Il dibattito sul Green Pass e l'obbligatorietà del vaccino prosegue, ma ci sono diverse incongruenze, che si riflettono anche sulle decisioni di giudici e tribunali. Se un lavoratore rifiuta di vaccinarsi, il datore di lavoro, può sospenderlo dalle sue mansioni, con contestuale stop dello stipendio? Si, secondo una recente sentenza. Succede a Terni, dove una donna è stata sospesa dal lavoro e dallo stipendio, perché ha rifiutato di vaccinarsi contro il Covid-19. La signora, ha fatto ricorso contro il provvedimento, ma il Giudice del Lavoro, ha respinto: giudicando la misura, adeguata e proporzionata. La signora, è un operatrice socio-sanitaria, addetta all'assistenza di anziani non autosufficienti e si è detta contraria ad un trattamento sanitario, che ha definito, ancora in fase di sperimentazione.
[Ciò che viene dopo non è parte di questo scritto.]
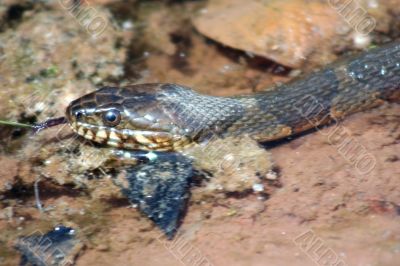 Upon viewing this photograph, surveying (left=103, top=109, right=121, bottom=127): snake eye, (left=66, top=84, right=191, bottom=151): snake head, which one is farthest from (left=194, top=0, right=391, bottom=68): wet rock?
(left=103, top=109, right=121, bottom=127): snake eye

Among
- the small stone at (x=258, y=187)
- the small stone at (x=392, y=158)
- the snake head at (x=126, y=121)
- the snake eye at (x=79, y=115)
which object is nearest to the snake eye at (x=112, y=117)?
the snake head at (x=126, y=121)

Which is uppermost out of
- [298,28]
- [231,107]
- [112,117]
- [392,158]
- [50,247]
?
[298,28]

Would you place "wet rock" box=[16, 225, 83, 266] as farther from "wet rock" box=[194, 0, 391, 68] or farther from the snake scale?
"wet rock" box=[194, 0, 391, 68]

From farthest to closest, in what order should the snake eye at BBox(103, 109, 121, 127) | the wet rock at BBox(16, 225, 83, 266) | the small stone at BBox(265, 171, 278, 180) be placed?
the snake eye at BBox(103, 109, 121, 127), the small stone at BBox(265, 171, 278, 180), the wet rock at BBox(16, 225, 83, 266)

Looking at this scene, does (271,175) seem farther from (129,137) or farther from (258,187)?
(129,137)

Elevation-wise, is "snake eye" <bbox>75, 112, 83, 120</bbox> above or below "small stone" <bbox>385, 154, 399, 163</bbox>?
below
Per i sanitari, il vaccino è obbligatorio. Il giudice, ha affermato che il dipendente deve osservare, si legge nell'ordinanza, precisi doveri di cura e sicurezza, per la tutela dell'integrità psicofisica propria e di tutti i soggetti terzi con cui entra in contatto. Per il giudice, dunque, è da ritenere prevalente, sulla libertà di chi non intenda sottoporsi a vaccinazioni contro il Covid-19, il diritto alla salute dei soggetti fragili che entrano in contatto con gli esercenti, le professioni sanitarie e gli operatori di interesse sanitario, si legge, in quanto bisognosi di cure e più in generale, il diritto alla salute della collettività. In precedenza, un caso simile a Modena, il giudice ha stabilito anche in quel momento, che è legittimo lo stop alla retribuzione. Anche in questo caso si trattava di operatrici socio-sanitarie.